For 41 years, lawyers from around the world have been coming to the Law School to earn what was first called a Master’s of Comparative Law degree. This year’s LL.M. class has students from Asia, Europe and the Caribbean with a broad range of legal and life experiences. Here are profiles of four of them:
This November Emily Lombardi will take the oral portion of the Italian bar exam (she has already passed the written part) during what some would say is the most challenging part of the semester. The thought of studying for the exam and taking a full slate of LL.M. courses may seem daunting, but Lombardi accepted the challenge, keeping her fingers crossed. She worked for one of Italy’s top mergers and acquisitions lawyers before attending Penn State Law.
“The hours were normal times three,” she said as she remembered holidays and birthdays spent at the office. “The experience was incredible though,” she added. Lombardi gave examples of deals she was “privileged to be part of” including a complex telecom negotiation that involved more than 40 lawyers representing several banks funds. Her three years of legal practice and her dual business and law degrees have convinced her that her passion lies in structuring complex transactions. “I like the idea of making certain every detail is covered—that there are no surprises for the clients,” Lombardi said.
Lombardi attended Bocconi University in Milan where she studied with Professor Marco Ventoruzzo
, who holds a joint appointment with Penn State Law. She also served a six-month internship at the International Chamber of Arbitration of Milan.

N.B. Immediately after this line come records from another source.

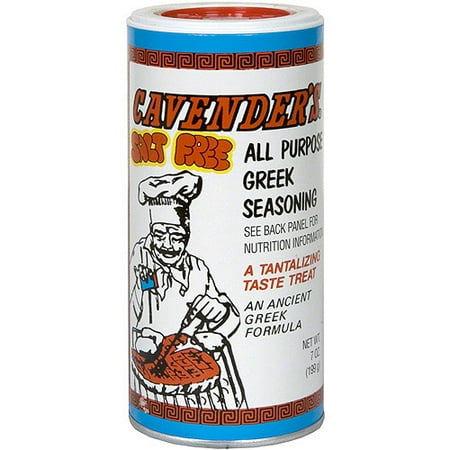 Cavender's All Purpose Greek Seasoning, 7 oz (Pack of 12)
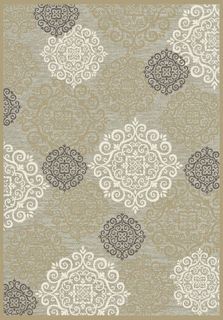 Рельефный ковер из вискозы GENOVA 38001 6565 90 Ragolle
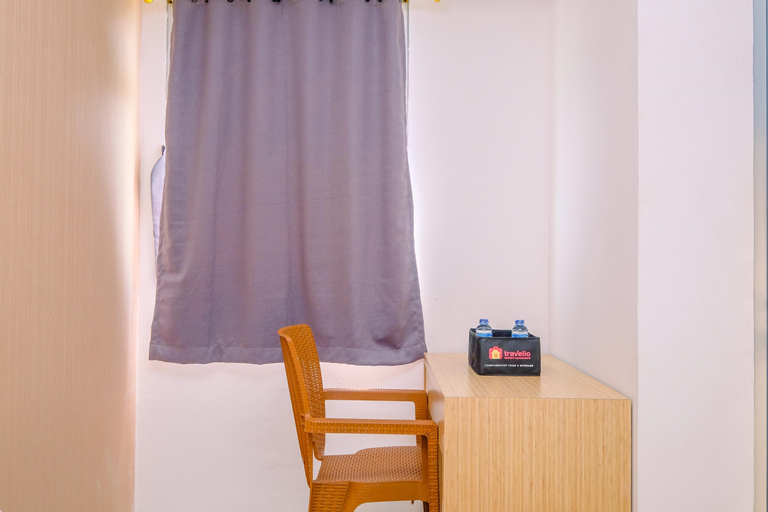 Others, Comfort and Homey Studio at Gunung Putri Square Apartment By Travelio, Bogor
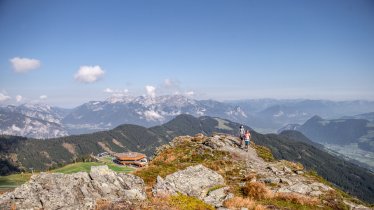 Hiking on the Spieljoch mountain, © Andi Frank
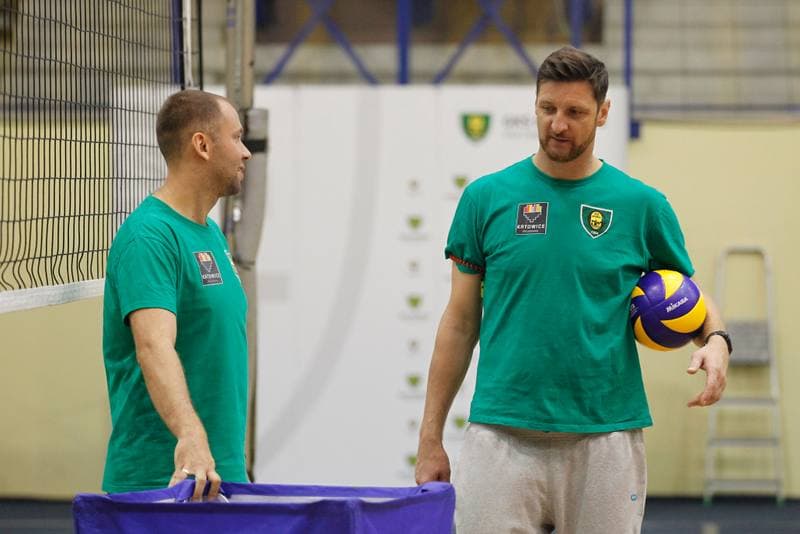 Handball. GKS Katowice. Training. 29.09.2016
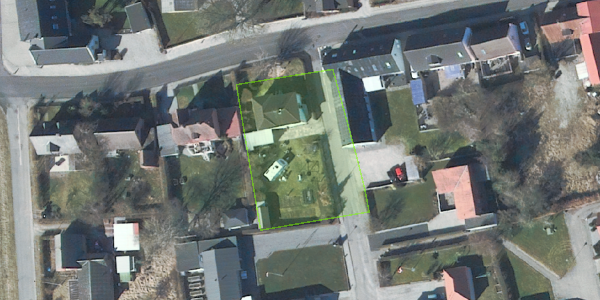 Matrikelkort Langgade 10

After graduating with a law degree from Doshisha University in Kyoto, Japan, Takahiro Ando joined the legal department of a large chemical manufacturer in Osaka. For eleven years he drafted and reviewed contracts for the company and worked on antitrust and import/export issues, among other matters. To both advance his career and improve his English language skills, Ando made the difficult decision to leave his wife and six-month old son and join the 2010 LL.M. class at Penn State Law.
“By studying the American legal system, I hope to enhance my knowledge and skill and play a more significant role in my company,” said Ando. He studied Japanese constitutional law in school and believes that learning the American legal system will allow him a broader exposure to international law when he returns to his company. He said he was initially attracted to the Penn State Law program because it is tailored to meet the individual goals of the student.
Ando’s family will join him in State College in the spring, but they plan to meet in San Francisco during winter break, as well.
In South Korea, serving as a prosecutor means rotating out of Seoul and into far-flung district locations every two years. Gun-Su Yang, who has been a prosecutor for ten years, has moved five times, leaving his wife, who is an elementary school teacher, and their two daughters behind in Seoul. Joining the LL.M. program at Penn State Law gives Yang time to reconnect with his family as well as pursue his passion for criminal law. “Many Koreans know Penn State University,” Yang said, adding that the academic program, the faculty, and the safety of the community factored into his decision to join Penn State Law.
On Yang’s agenda is gaining a thorough understanding of the legal system in the United States. South Korea recently adopted an approach similar to the U.S. for criminal prosecutions. He is especially interested in ways to address problems of juvenile delinquency and intends to complete a graduate thesis project on the topic. “The experience I will gain here will be invaluable to me when I return to Korea,” he said. The country is continuing to revise the criminal jury system, and Yang will be able to contribute to the discourse after seeing firsthand what he calls the pros and cons of the American legal system.
When he returns to South Korea, Yang hopes to ultimately be supervising staff attorneys and working on revisions to the laws governing juvenile delinquency.
Shan Gao believes that the economic development in China makes it imperative that an attorney study the legal issues of other countries in order to effectively practice law at home. Gao moved from his hometown of Wuhan, a city of more than nine million people, to Yantai a coastal city in the Eastern part of China. He attended law school at Ludong University because he wanted to study in a "new environment." Gao interned with a private law firm as well as the office of the prosecutor and the trial court. “Practicing law is so different from what you learn in the classroom. The private firm experience helped me see that,” said Gao. He also was a journalist covering news and events for the university.
In order to fully engage in the LL.M. experience Gao said he “really wanted to experience smaller classes and have more of an opportunity to connect with professors.” That is what brought him more than 11,000 miles to Penn State Law. He expects to return to China with a much broader knowledge of how the U.S. and other legal systems operate than what he was able to learn in school and practice. “There are so many new opportunities and issues confronting China,” said Gao. With his LL.M. degree, Gao expects that significantly more career prospects will be open to him.